Description of the task - Produce the lines from the one containing "The Divine Kurma" through the end of the material exactly as they appear, both ends included, and leave the pictures out.
________________________________________
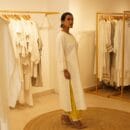 Indian Ethnic Classic Designer Cotton Linen White Kurta & Yellow Bottom- 2 PC Suit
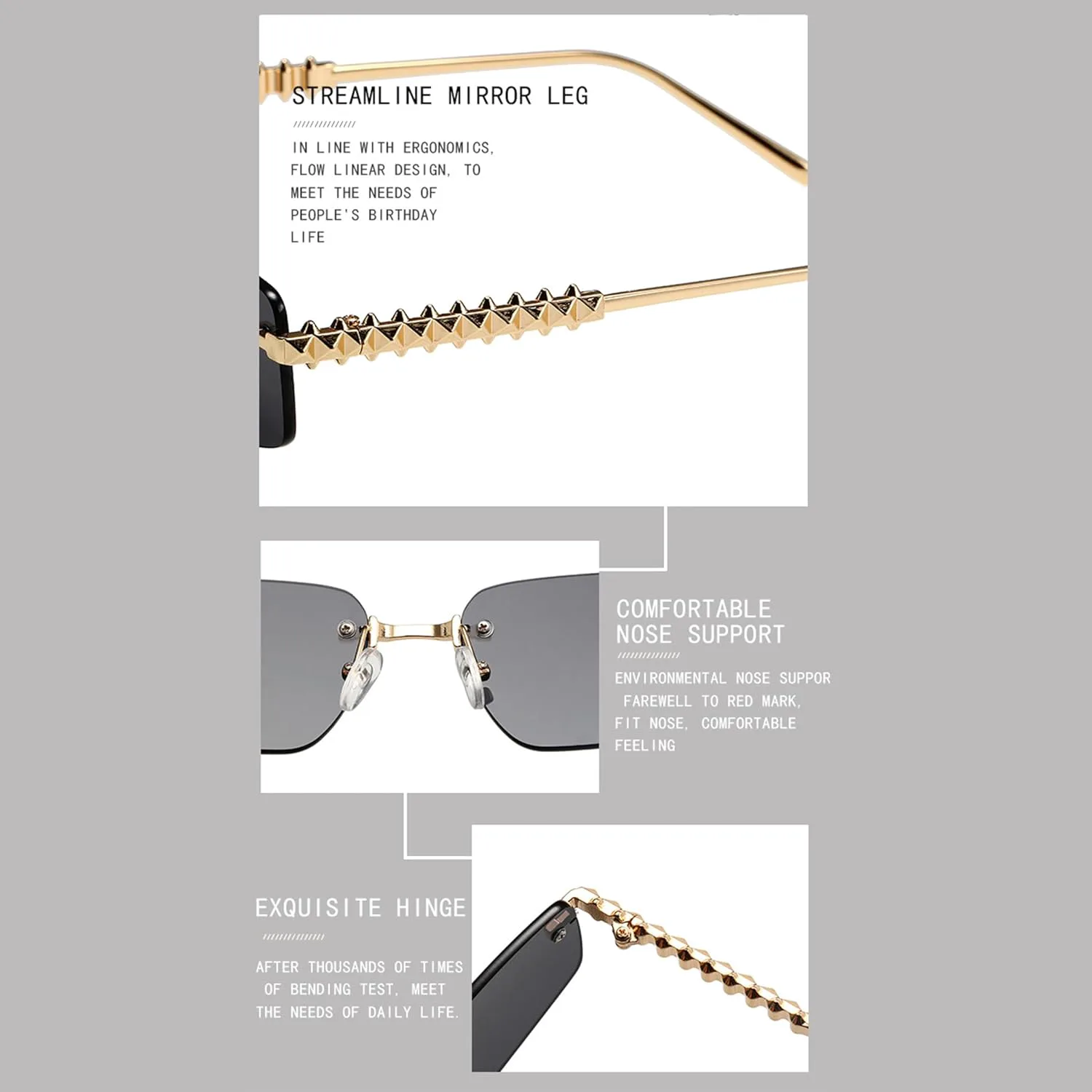 bullabulling Модные солнцезащитные очки Y2k без оправы для мужчин и женщин, винтажные маленькие узкие прямоугольные солнцезащитные очки в стиле 90-х, Pink
bullabulling Модные солнцезащитные очки Y2k без оправы для мужчин и женщин, винтажные маленькие узкие прямоугольные солнцезащитные очки в стиле 90-х, Pink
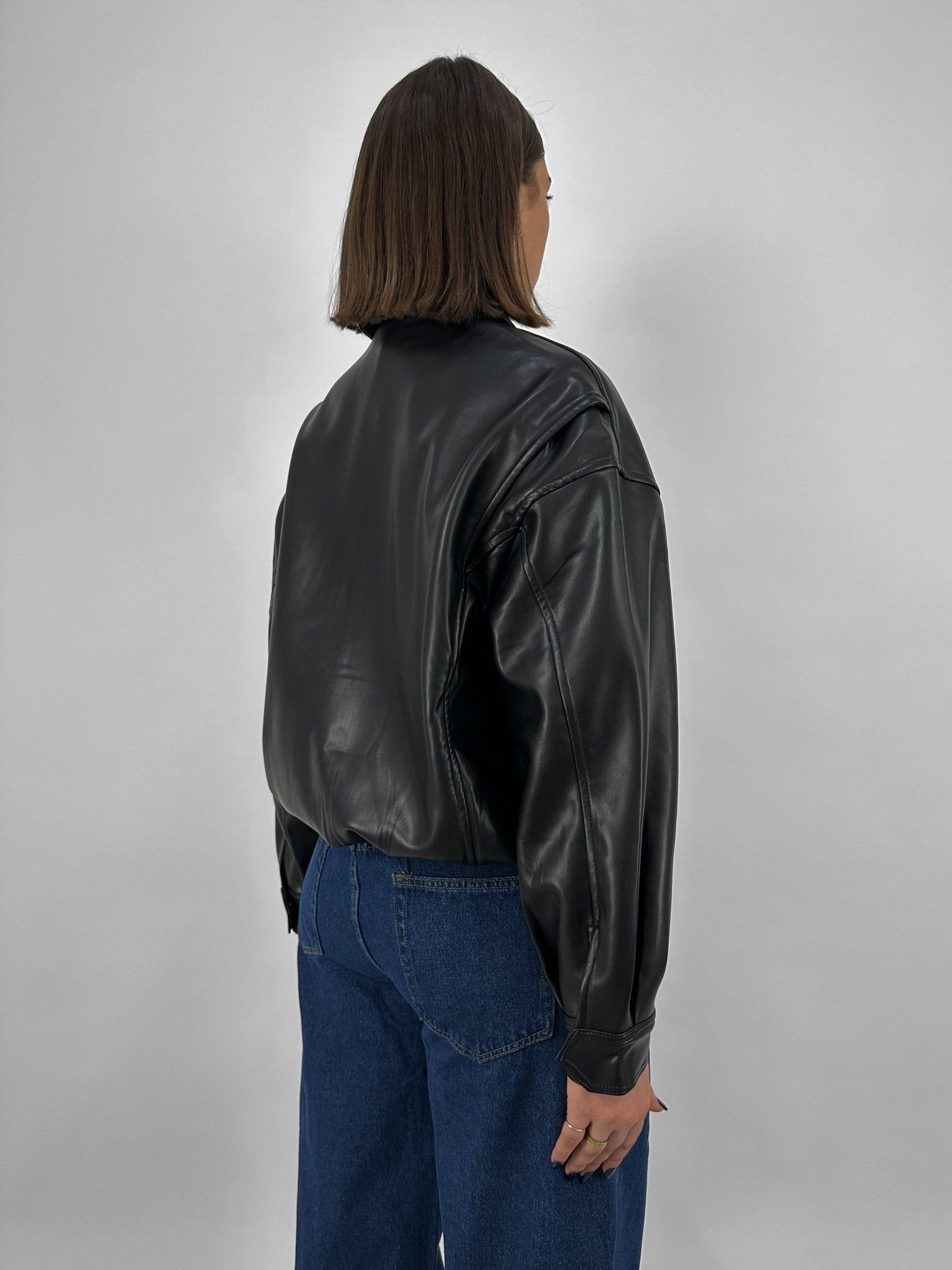 Collared Leather Bomber Jacket - Vamp Official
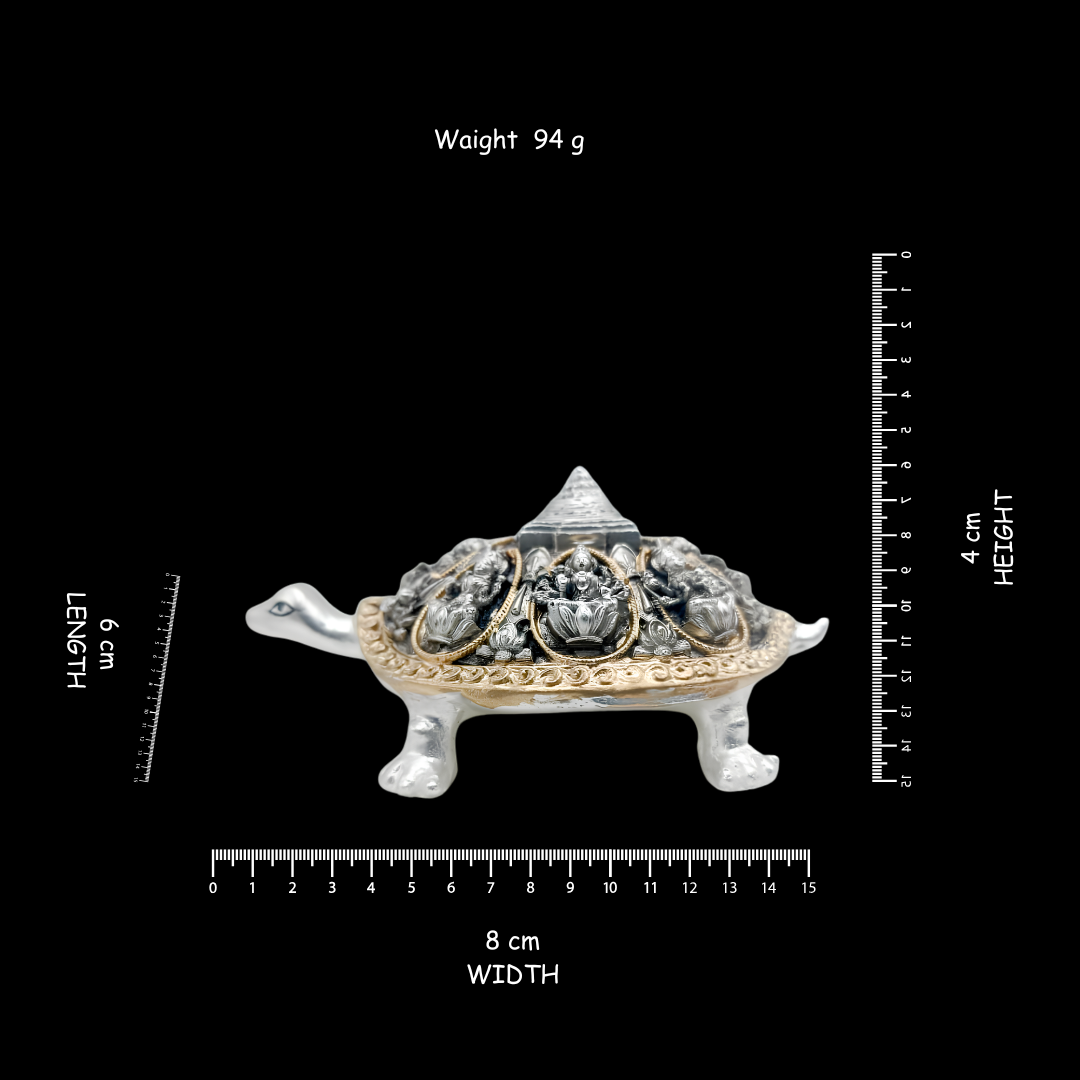 The Divine Kurma Meru Yantra – 999 Pure Silver & 24K Gold Plated Laxmi Shree yantra Good Fortune Tortoise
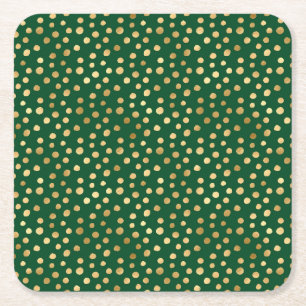 Posavasos Cuadrado De Papel Diseño de la serie Safari Esmeralda y Oro 11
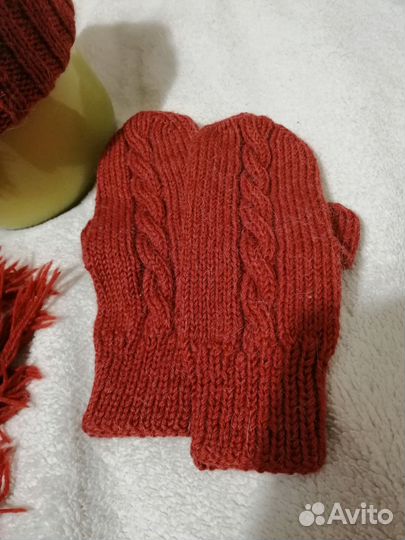 Зимний комплект женский шерсть на заказ вязала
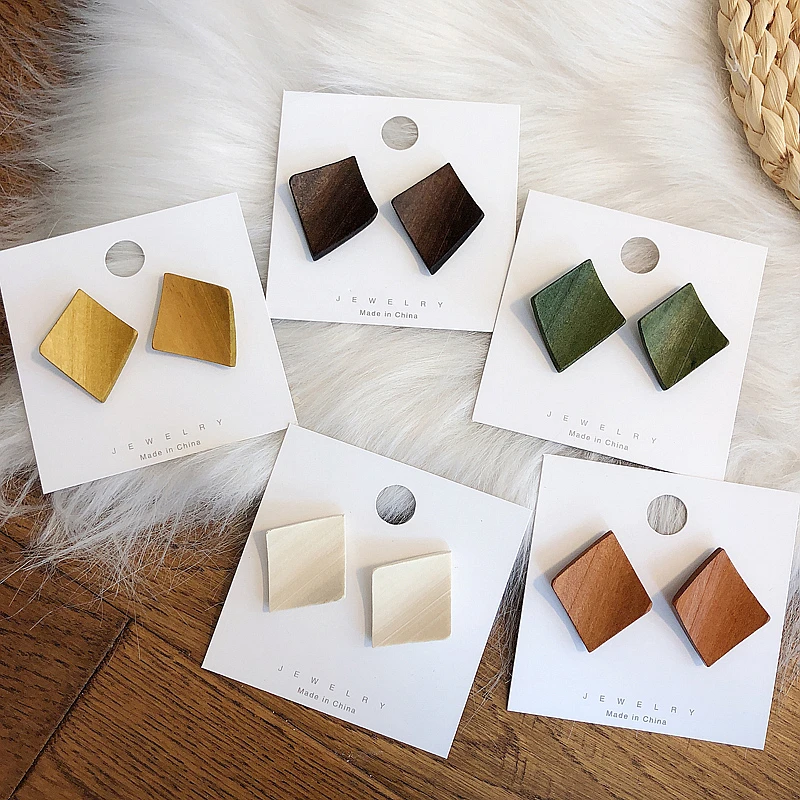 YAOLOGE 2019 модные квадратные геометрические уникальные деревянные висячие серьги в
________________________________________
Completed exercise -
 The Divine Kurma Meru Yantra – 999 Pure Silver & 24K Gold Plated Laxmi Shree yantra Good Fortune Tortoise
 Posavasos Cuadrado De Papel Diseño de la serie Safari Esmeralda y Oro 11
 Зимний комплект женский шерсть на заказ вязала
 YAOLOGE 2019 модные квадратные геометрические уникальные деревянные висячие серьги в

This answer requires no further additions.